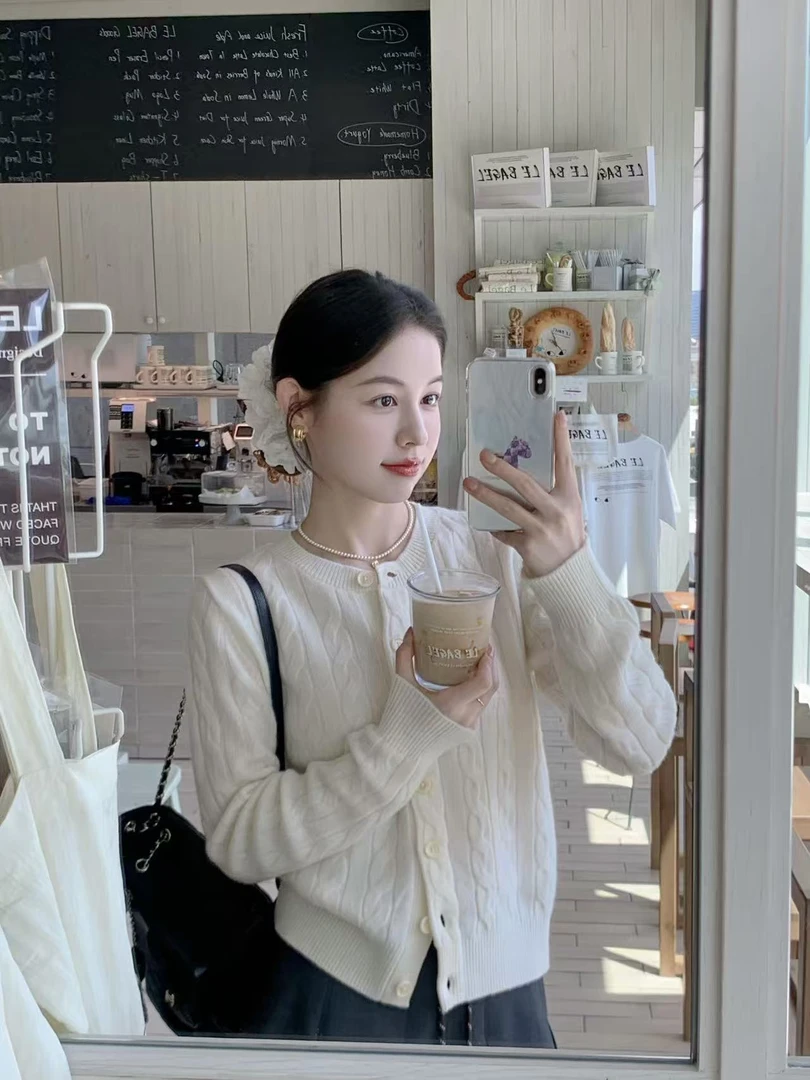 秋季新款韩系慵懒风显瘦针织麻花开衫上衣休闲百搭短裙出游服装女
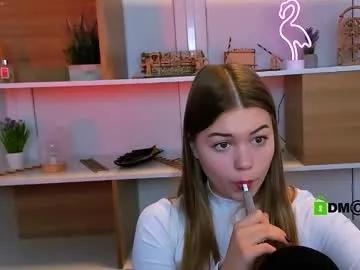 jasmies — GOAL: sexy dance [278 tokens remaining] Welcome to my room! #new #18 #cute #students #smoke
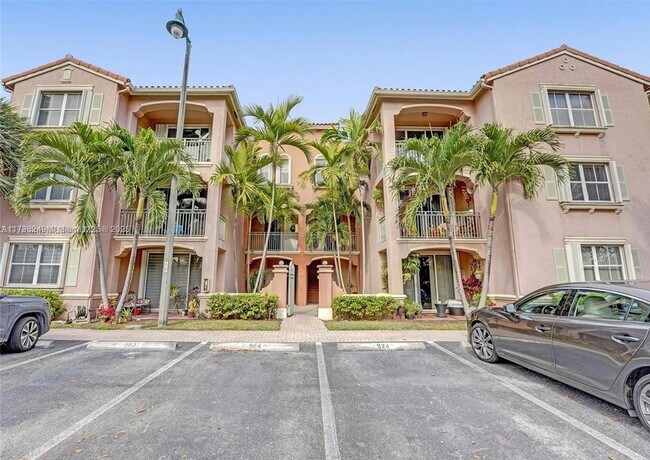 Primary Photo - 6630 NW 114th Ave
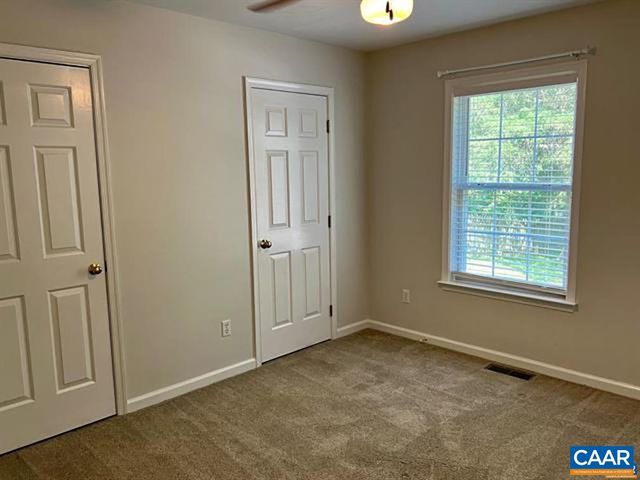 1087 WINTERGREEN LN, Charlottesville, VA 22903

- - -

### WHAT YOU HAVE TO DO
Starting at the line that holds "jasmies — GOAL: sexy" and stopping at the last line of the listing above, write out each line exactly as it appears, and omit the pictures.

### RESULT OF THE TASK
 jasmies — GOAL: sexy dance [278 tokens remaining] Welcome to my room! #new #18 #cute #students #smoke
 Primary Photo - 6630 NW 114th Ave
 1087 WINTERGREEN LN, Charlottesville, VA 22903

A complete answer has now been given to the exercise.